→ ASSIGNED TASK
An unchanged copy of all the lines below is expected, and it should contain no pictures.

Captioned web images

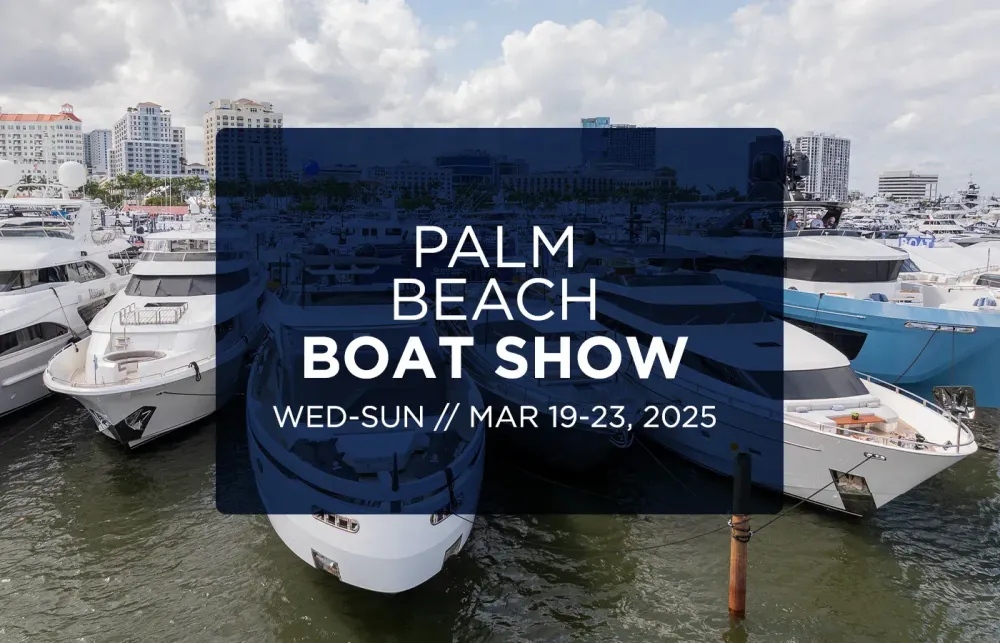 2025 Palm Beach International Boat Show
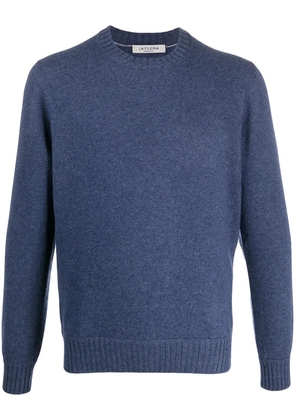 Fileria crew neck cashmere jumper - Blue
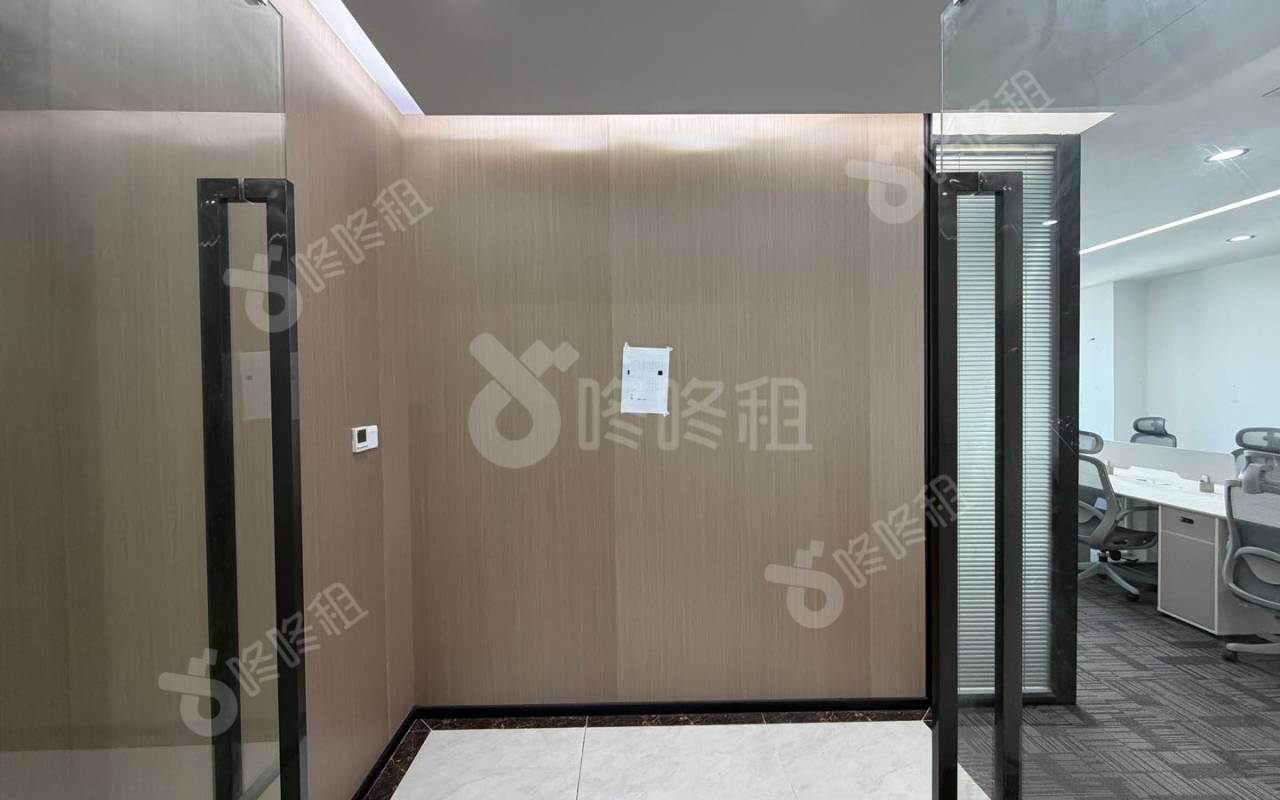 深圳市软件产业基地_150平_精装_前台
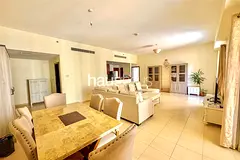 Vacant Now | Sea View | Furnished | Low Floor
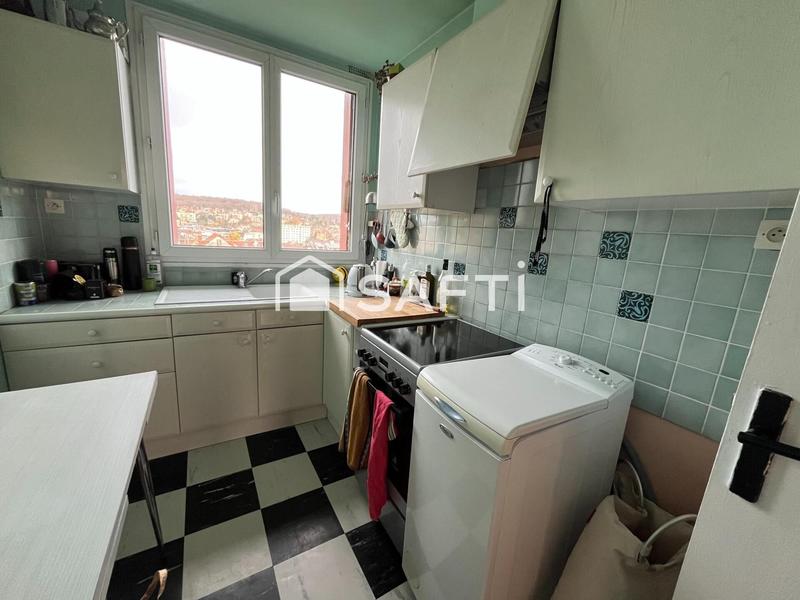 Appartement - 52 m² - 3 pièces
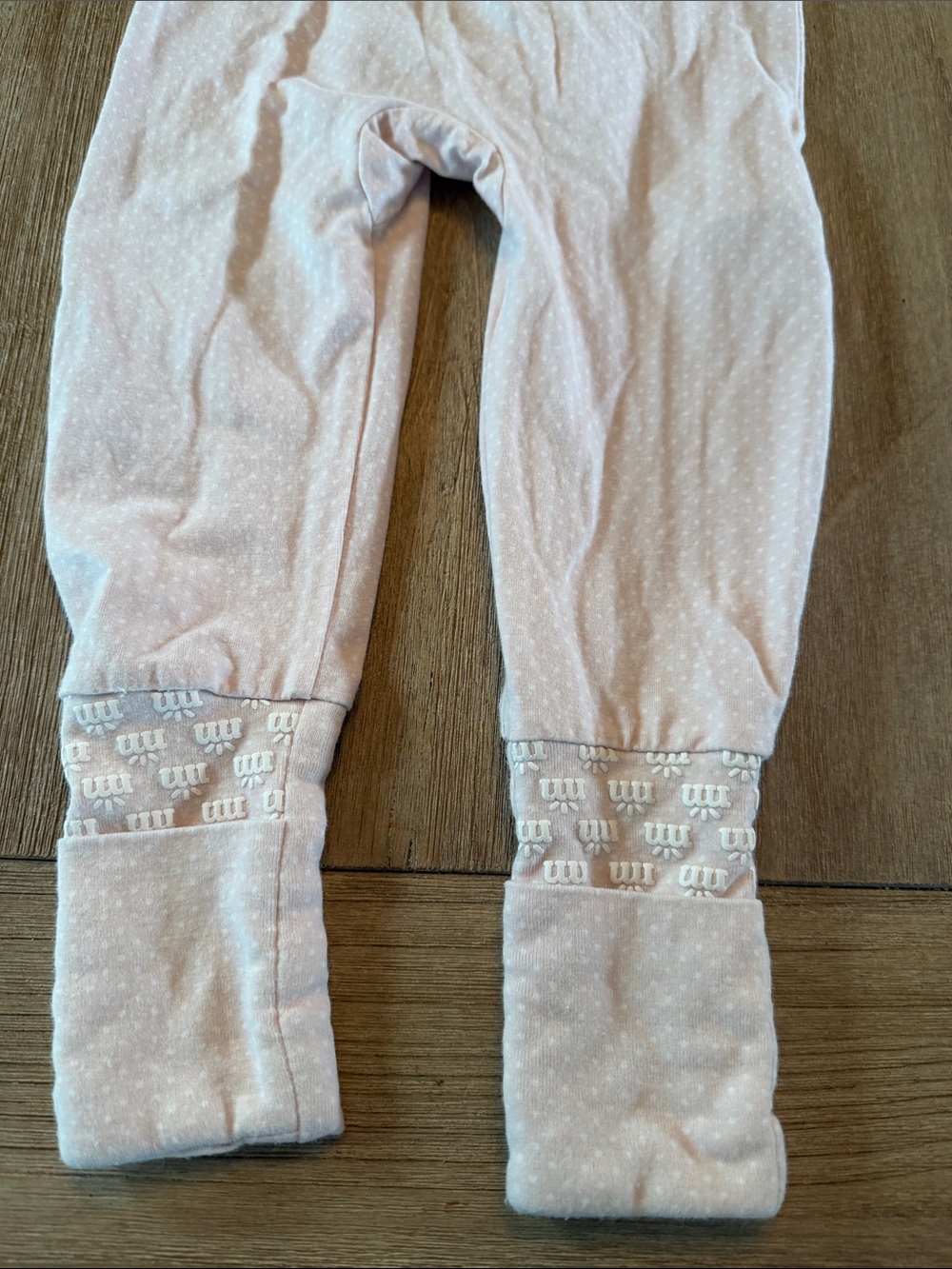 Magnetic Me Light Pink One-Piece Footed Pajama - Picture 7 of 8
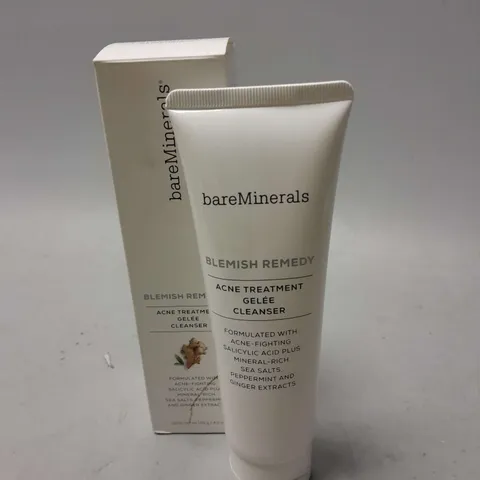 BAREMINERALS / BLEMISH REMEDY ACNE TREATMENT GEL CLEANSER 4.2 OZ (120 ML)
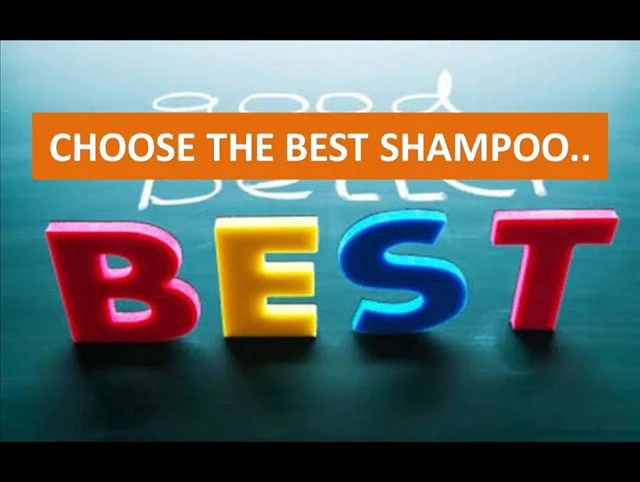 Screenshot summarizing the reviewed shampoos.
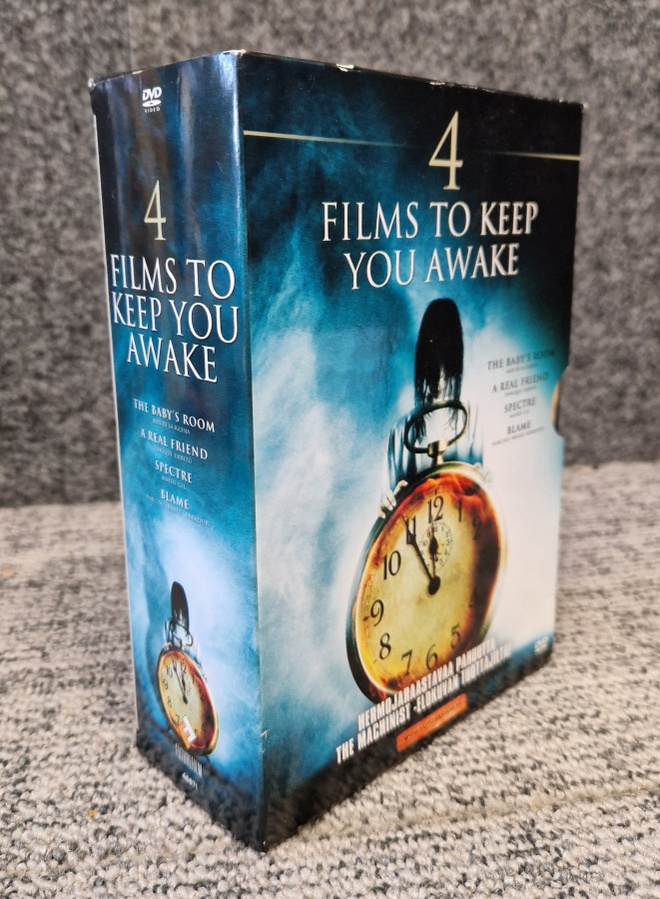 4 Films To Keep You Awake (DVD)
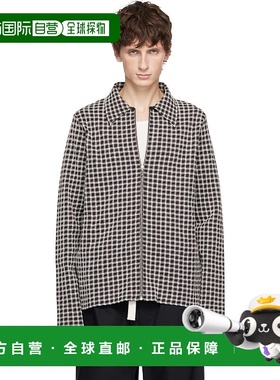 1h可退 潮奢 Jil Sander 吉尔 桑达 男士 灰色 Wool Blend Zip-Up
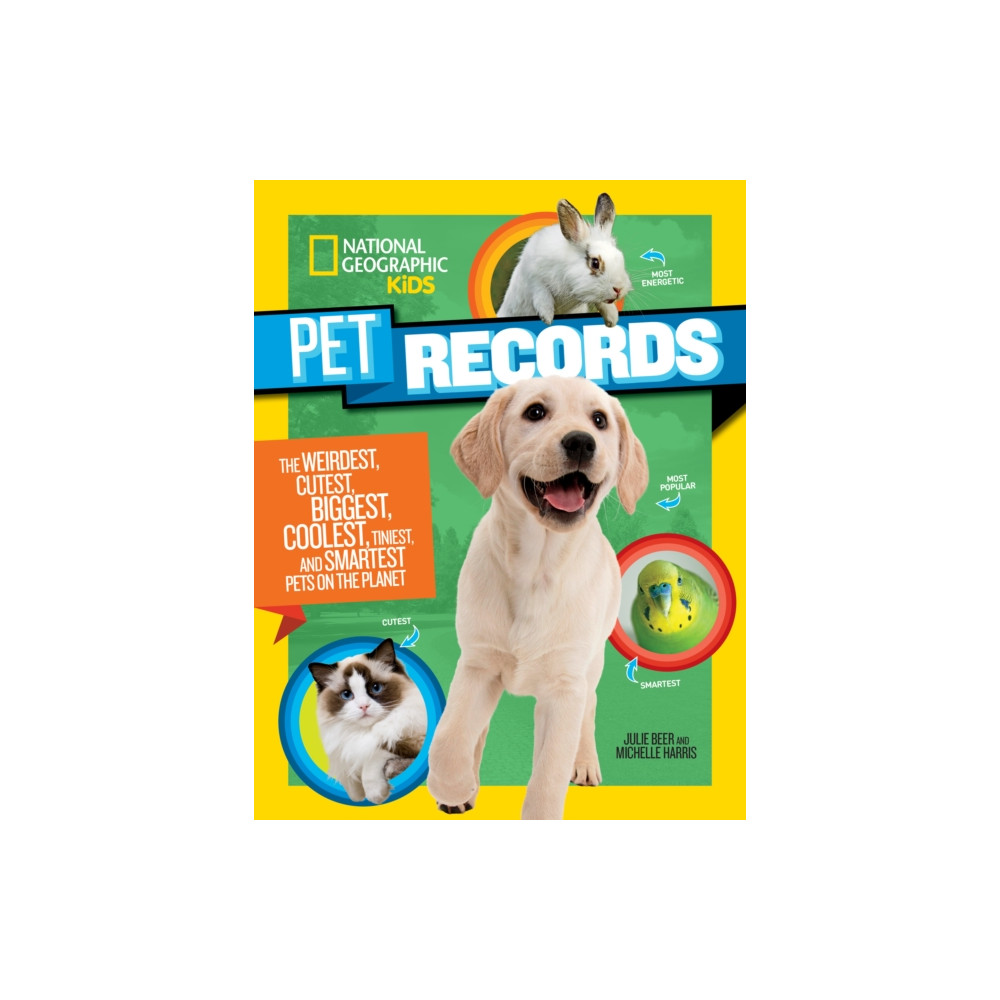 Pet Records (häftad, english) National Geographic Kids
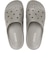 クロックス（crocs）サンダル サタデー スライド Dusty Olive ミディアムグレー 213298-3J5 スポーツ サンダル カジュアルシューズ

→ WRITTEN SOLUTION
 2025 Palm Beach International Boat Show
 Fileria crew neck cashmere jumper - Blue
 深圳市软件产业基地_150平_精装_前台
 Vacant Now | Sea View | Furnished | Low Floor
 Appartement - 52 m² - 3 pièces
 Magnetic Me Light Pink One-Piece Footed Pajama - Picture 7 of 8
 BAREMINERALS / BLEMISH REMEDY ACNE TREATMENT GEL CLEANSER 4.2 OZ (120 ML)
 Screenshot summarizing the reviewed shampoos.
 4 Films To Keep You Awake (DVD)
 1h可退 潮奢 Jil Sander 吉尔 桑达 男士 灰色 Wool Blend Zip-Up
 Pet Records (häftad, english) National Geographic Kids
 クロックス（crocs）サンダル サタデー スライド Dusty Olive ミディアムグレー 213298-3J5 スポーツ サンダル カジュアルシューズ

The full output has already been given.